But most importantly, we will understand what is an important story to trans people and what is an important story to cis people — two divergent categories with minimal overlap. Legacy outlets are rife with stories about our pronouns, our fertility, our relationship with our bodies — important stories, but ones rewarded for their ability to help cis people gawk, stare, worry, and ultimately resist us. Our measure of newsworthiness is often directly correlated to our ability (or inability) to conform to very straight, very white standards of normalcy while emphasizing the threat we pose to that normalcy.

Shifting that conversation is not impossible from the outside, but doing so requires more resources, money, and time than most transgender people have. We, as a people, lack institutional power — making claims about our reliance on “cancel culture” all the more laughable. So the priorities of trans people are rarely heard — cisgender people with power in media, academia, publishing, and advocacy call the shots while we scream outside the tightly-locked door.

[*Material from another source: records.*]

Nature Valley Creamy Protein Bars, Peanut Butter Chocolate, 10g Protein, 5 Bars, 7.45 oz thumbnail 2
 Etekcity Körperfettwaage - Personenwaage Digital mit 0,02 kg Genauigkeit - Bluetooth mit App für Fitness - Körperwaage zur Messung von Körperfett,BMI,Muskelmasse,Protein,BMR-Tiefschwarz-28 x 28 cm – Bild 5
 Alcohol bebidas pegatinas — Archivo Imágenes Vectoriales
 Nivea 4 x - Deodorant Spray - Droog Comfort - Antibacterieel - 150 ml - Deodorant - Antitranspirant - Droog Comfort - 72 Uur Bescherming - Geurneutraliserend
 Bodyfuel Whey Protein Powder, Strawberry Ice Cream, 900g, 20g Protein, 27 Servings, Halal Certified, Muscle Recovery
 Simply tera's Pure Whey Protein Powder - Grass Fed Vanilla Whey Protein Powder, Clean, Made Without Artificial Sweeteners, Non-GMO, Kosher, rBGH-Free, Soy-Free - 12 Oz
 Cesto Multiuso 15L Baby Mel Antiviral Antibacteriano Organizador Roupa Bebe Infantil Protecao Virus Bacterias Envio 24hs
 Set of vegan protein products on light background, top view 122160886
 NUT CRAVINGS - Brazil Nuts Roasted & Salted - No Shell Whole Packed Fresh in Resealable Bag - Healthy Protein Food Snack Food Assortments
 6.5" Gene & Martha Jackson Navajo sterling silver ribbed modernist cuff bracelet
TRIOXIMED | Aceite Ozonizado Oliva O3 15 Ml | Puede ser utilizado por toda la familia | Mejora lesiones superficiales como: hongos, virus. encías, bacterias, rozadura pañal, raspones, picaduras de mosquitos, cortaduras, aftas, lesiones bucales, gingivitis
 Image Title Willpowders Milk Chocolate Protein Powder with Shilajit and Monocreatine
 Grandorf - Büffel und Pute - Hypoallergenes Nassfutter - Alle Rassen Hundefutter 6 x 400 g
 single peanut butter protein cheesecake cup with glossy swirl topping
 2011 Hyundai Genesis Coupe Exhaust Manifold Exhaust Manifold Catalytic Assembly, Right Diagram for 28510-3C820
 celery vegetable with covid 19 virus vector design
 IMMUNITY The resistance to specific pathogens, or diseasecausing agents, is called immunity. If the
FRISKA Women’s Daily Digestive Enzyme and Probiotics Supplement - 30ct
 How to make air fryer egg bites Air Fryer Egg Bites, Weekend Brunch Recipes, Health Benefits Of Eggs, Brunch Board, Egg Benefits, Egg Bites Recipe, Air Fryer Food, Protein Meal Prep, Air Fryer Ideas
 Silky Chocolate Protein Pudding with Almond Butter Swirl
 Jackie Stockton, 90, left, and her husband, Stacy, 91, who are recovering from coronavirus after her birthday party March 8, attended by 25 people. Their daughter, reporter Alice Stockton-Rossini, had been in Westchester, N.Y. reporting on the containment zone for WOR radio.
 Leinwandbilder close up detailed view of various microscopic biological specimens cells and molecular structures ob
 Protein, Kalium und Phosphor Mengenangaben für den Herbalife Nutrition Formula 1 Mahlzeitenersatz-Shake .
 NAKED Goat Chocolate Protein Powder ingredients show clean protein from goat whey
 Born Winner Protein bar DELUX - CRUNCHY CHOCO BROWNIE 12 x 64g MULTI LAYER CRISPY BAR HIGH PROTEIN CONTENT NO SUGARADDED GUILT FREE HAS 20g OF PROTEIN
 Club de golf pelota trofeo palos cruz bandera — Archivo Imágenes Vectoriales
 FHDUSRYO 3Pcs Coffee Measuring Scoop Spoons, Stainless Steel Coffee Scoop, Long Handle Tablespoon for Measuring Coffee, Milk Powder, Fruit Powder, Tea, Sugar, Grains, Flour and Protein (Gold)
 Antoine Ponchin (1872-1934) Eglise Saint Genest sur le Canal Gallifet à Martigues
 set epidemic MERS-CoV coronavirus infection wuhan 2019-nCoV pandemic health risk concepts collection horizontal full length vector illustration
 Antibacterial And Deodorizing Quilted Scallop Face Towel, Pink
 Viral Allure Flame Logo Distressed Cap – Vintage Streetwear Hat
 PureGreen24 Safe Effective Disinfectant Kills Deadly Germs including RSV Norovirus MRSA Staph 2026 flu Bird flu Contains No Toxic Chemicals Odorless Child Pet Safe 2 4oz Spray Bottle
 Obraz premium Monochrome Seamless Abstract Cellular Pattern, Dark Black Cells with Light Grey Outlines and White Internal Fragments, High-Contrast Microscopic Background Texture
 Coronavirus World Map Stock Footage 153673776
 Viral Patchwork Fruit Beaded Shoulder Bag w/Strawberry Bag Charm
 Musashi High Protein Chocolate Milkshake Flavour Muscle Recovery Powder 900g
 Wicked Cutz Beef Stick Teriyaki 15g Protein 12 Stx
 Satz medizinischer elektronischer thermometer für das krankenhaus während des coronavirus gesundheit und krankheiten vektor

This is especially true of transgender people of color, who must not only fight against the cis tendencies of the media but the white supremacist tendencies of both the media and queer spaces — still too often dominated by white queer people like myself. It is only a recent development Black transgender people received any significant public attention at all — largely the work of Black trans women like Raquel Willis, Laverne Cox, Ashlee Marie Preston, Imara Jones, Indya Moore, and Monica Roberts, the last of whom has effectively served as the Ida B. Wells of the fight for trans liberation and trans safety. But, as these organizers will tell you, members of the media (and — it should be noted — LGBTQ advocacy and nonprofit spaces) are now in a rush to speak about dead Black trans women while providing very little space to listen to living Black trans women.

This makes fighting racism within trans spaces particularly important — we must ensure we do not reward or encourage the tendencies of the news media to treat white people as the base level. We cannot succumb to the scarcity mindset enforced upon us by the media — we must model the stories we want to see and project that image back to them.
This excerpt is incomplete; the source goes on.